Y está el problema de la gente que pasa hambre, al tiempo que nosotros tiramos comida. Aquí, señala el artículo mencionado al principio, la distribución y los supermercados suelen hacer una buena tarea, especialmente al poner esos productos al alcance de bancos de alimentos, onegés y familias con dificultades económicas. Eso está bien. También lo está que nos apuntemos a las campañas de reparto de alimentos, entregando a la salida del supermercado unos cuantos kilos de productos recién comprados. Pero el problema del desperdicio de alimentos va mucho más lejos. Me temo que, a veces, nuestra colaboración puede ser una suave anestesia para nuestra conciencia: ya hago lo que puedo. Y reconozco también que el problema es complejo, también porque las naranjas que yo tiro no pueden ir a solucionar al problema de los niños de Etiopía.

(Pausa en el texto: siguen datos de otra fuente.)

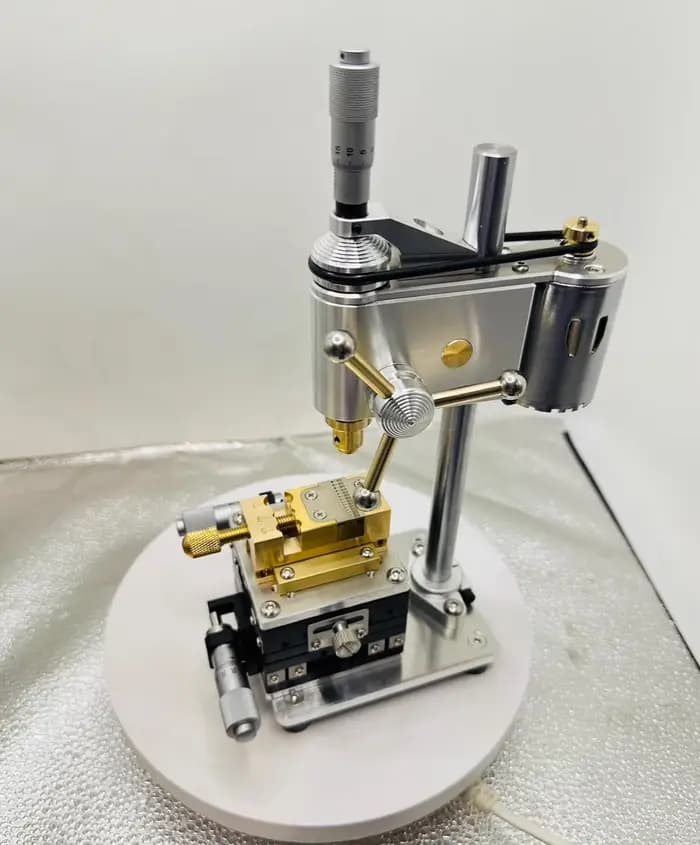Mini perceuse de précision, outil de réparation de montre, perceuse d'établi avec adaptateur d'alimentation à vitesse réglable, mini perceuse d'établi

Sí, el problema es complejo. Pero me permito volver al argumento del reciclado: si nos dan unas razones suficientes, perdemos tiempo separando los residuos para colocarlos en diversos contenedores: sabemos fastidiarnos un poco (no mucho, es verdad) cuando hay una razón adecuada. ¿No valdría la pena hacer algo parecido con la comida que tiramos? Pero déjeme el lector que le recuerde que lo importante no es la eficiencia perdida, ni el agotamiento de recursos (renovables, a menudo), ni siquiera la solución de los problemas de los que tienen hambre. Lo importante es el aprendizaje de humanidad y de moralidad que podemos estar llevando a cabo cuando aprendemos a no desperdiciar. Al final, como ya dijo Benedicto XVI, y como ha repetido muchas veces el Papa Francisco, el problema es antropológico, de concepción de la persona.
Como en casa de Antonio, ni madre Felicia, era una experta en el aprovechamiento de los escasos recurso que disponíamos. Que croquetas y que que sopas o macarrones con los restos de los asados.
Efectivamente se produce una lucha entre la industria alimentaria que quiere plazos largos de caducidad y de consumo preferente en sus alimentos y con ello consigue menos reclamaciones y una mayor rotación en sus productos y los consumidores y las autoridades sanitarias que buscan que se alarguen estos plazos, garantizando la seguridad y calidad alimentaria. El cambio del etiquetado de los yogures ha sido un primer paso. Esperemos que no sea el último.
Gracias Jesús. Muy buen ejemplo de las relaciones sincrónicas micro-macro y largo-corto.
Sincronizar evita esas molestias cualitativas, pero tiene la ventaja de cuantificarlas dentro de lo que es posible cuantificar: y además nos define cuáles son estos límites.